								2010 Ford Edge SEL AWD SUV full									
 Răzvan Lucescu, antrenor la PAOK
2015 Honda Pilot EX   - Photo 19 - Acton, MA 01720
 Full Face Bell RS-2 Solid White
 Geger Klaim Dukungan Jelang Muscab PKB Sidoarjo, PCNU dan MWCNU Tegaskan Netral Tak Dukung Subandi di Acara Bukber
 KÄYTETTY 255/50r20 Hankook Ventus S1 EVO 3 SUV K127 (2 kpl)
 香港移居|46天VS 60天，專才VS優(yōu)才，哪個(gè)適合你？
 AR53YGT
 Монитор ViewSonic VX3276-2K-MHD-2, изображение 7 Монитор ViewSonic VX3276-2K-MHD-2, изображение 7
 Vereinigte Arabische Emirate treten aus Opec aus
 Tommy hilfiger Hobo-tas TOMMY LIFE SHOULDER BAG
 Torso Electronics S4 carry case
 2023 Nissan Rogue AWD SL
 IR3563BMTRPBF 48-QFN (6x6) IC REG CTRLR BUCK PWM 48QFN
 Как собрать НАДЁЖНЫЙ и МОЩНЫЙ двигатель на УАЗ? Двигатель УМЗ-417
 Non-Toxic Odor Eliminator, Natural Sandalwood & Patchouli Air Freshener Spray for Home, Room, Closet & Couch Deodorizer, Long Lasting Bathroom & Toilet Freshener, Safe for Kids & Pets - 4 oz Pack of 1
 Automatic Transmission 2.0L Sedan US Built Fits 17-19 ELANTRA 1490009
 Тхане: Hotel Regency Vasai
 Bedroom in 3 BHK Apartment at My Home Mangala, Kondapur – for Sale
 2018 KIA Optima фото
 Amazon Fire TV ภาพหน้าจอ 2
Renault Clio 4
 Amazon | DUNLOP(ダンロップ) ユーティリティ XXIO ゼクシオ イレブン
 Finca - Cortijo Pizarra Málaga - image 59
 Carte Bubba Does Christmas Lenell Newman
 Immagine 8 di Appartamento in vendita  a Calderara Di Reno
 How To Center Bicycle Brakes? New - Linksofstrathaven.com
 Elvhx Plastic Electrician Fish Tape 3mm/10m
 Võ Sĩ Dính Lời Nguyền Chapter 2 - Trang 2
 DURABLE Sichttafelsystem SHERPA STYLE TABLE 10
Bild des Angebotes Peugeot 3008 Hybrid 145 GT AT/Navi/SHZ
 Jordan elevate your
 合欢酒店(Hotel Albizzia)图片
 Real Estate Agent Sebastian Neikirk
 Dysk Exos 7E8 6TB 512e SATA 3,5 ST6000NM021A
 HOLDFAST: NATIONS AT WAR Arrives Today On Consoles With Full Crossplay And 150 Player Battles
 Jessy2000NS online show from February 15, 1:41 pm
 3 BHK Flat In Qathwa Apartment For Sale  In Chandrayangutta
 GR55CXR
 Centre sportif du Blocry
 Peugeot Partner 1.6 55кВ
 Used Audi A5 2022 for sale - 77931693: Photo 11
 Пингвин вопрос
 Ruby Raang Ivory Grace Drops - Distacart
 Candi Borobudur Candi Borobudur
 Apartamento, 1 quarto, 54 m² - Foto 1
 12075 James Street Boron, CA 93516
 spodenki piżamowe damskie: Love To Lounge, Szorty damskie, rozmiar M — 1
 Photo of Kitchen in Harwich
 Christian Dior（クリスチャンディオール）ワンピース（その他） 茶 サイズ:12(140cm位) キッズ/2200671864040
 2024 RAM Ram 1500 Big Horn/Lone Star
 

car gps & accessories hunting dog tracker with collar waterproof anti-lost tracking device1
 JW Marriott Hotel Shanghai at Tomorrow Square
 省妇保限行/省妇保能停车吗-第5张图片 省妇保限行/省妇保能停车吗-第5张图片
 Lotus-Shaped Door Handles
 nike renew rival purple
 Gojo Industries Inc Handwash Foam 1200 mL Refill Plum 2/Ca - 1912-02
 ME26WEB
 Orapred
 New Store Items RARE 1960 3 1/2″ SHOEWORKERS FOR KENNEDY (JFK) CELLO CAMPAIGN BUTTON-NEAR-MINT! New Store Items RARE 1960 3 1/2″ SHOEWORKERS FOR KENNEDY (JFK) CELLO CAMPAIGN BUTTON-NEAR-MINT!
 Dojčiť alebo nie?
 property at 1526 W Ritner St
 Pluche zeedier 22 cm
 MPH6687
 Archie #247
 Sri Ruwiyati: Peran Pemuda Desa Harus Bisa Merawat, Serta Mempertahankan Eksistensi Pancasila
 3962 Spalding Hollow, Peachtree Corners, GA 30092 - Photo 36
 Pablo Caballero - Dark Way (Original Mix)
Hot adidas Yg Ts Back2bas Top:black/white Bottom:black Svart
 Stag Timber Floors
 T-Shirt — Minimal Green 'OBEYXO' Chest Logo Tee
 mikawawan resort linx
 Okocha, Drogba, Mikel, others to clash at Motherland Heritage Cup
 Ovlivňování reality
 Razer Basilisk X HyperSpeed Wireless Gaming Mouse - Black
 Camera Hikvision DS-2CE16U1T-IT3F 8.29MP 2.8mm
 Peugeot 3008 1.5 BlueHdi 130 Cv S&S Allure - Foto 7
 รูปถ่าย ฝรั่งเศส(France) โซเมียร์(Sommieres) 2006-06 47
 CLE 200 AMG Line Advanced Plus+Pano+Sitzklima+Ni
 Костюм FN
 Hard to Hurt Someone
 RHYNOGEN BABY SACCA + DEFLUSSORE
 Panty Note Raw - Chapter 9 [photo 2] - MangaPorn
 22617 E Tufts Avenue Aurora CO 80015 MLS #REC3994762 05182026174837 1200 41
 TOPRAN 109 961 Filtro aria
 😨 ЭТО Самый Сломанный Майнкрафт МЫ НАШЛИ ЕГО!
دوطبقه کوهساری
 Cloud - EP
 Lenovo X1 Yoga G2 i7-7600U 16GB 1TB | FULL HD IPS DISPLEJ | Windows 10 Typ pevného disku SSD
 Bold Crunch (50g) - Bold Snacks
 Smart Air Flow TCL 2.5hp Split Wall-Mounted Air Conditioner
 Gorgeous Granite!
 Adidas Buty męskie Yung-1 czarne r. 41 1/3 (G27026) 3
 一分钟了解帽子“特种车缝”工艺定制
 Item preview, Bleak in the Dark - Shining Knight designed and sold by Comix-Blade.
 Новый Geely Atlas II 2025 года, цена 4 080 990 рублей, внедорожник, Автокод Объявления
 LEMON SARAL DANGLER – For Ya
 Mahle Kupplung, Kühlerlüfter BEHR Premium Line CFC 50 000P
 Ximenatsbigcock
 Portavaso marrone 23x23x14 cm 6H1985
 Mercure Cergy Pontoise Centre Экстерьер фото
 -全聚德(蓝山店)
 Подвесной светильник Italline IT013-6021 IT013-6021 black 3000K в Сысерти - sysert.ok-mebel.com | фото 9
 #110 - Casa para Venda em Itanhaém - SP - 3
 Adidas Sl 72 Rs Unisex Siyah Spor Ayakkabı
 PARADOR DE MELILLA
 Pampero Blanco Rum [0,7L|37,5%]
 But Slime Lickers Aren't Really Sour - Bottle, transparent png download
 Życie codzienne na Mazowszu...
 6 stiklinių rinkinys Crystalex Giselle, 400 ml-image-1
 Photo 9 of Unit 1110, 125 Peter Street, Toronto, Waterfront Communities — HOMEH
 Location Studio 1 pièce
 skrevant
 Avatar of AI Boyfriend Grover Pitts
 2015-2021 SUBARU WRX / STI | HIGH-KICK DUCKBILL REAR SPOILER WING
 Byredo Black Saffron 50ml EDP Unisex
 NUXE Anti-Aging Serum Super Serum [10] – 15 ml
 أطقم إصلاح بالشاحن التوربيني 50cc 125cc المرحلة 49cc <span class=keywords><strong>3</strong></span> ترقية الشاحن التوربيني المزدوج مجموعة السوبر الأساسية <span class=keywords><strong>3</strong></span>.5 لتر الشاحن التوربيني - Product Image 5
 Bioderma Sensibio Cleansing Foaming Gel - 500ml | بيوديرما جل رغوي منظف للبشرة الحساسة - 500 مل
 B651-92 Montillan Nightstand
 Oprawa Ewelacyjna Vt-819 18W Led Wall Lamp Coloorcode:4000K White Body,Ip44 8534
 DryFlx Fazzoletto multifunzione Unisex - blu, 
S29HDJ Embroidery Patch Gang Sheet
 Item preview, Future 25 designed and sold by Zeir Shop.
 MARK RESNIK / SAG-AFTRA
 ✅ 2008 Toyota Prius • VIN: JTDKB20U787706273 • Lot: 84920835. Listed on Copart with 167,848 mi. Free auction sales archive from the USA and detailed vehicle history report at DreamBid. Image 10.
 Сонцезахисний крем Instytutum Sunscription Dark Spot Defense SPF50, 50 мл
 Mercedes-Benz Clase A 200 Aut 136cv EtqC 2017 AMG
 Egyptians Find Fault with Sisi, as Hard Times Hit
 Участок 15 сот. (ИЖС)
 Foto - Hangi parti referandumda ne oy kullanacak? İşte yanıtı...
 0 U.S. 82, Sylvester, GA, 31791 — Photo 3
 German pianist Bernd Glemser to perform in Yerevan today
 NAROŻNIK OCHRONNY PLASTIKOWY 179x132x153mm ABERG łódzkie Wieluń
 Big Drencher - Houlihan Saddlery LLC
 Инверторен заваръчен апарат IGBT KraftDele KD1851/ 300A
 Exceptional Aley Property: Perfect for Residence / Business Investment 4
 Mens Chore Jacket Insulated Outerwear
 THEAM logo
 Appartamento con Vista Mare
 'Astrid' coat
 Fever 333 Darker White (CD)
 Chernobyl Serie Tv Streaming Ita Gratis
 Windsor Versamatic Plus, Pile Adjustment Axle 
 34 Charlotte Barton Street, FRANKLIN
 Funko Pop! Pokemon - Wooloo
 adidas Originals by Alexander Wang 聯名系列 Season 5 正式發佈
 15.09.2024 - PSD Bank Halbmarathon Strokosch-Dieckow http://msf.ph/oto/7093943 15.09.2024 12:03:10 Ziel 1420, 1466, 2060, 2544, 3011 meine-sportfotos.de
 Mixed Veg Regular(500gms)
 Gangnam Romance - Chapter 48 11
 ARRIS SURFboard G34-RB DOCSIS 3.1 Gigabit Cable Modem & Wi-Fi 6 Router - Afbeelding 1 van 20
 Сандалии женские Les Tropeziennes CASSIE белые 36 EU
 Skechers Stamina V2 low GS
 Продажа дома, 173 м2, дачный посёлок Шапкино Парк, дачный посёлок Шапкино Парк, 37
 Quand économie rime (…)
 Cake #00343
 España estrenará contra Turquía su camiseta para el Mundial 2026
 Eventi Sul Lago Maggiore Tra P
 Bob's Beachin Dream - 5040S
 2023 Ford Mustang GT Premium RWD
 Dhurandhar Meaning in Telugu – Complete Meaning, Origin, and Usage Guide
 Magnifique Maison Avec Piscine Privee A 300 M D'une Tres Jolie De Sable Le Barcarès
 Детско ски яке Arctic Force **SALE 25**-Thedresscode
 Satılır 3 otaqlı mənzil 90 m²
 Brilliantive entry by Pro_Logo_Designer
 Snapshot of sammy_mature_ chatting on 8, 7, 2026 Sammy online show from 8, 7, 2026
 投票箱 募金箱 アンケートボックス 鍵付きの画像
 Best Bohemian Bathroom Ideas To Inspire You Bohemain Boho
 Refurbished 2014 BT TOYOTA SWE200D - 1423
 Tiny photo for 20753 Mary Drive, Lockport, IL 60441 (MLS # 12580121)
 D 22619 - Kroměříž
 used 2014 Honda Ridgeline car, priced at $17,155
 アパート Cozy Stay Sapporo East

=-=-=

Your goal: Referring to the material above, set down exactly the lines between the line with "Elvhx Plastic Electrician Fish Tape 3mm/10m" and the line with "Jessy2000NS online show", inclusive, and no other lines.

Exercise output:
 Elvhx Plastic Electrician Fish Tape 3mm/10m
 Võ Sĩ Dính Lời Nguyền Chapter 2 - Trang 2
 DURABLE Sichttafelsystem SHERPA STYLE TABLE 10
Bild des Angebotes Peugeot 3008 Hybrid 145 GT AT/Navi/SHZ
 Jordan elevate your
 合欢酒店(Hotel Albizzia)图片
 Real Estate Agent Sebastian Neikirk
 Dysk Exos 7E8 6TB 512e SATA 3,5 ST6000NM021A
 HOLDFAST: NATIONS AT WAR Arrives Today On Consoles With Full Crossplay And 150 Player Battles
 Jessy2000NS online show from February 15, 1:41 pm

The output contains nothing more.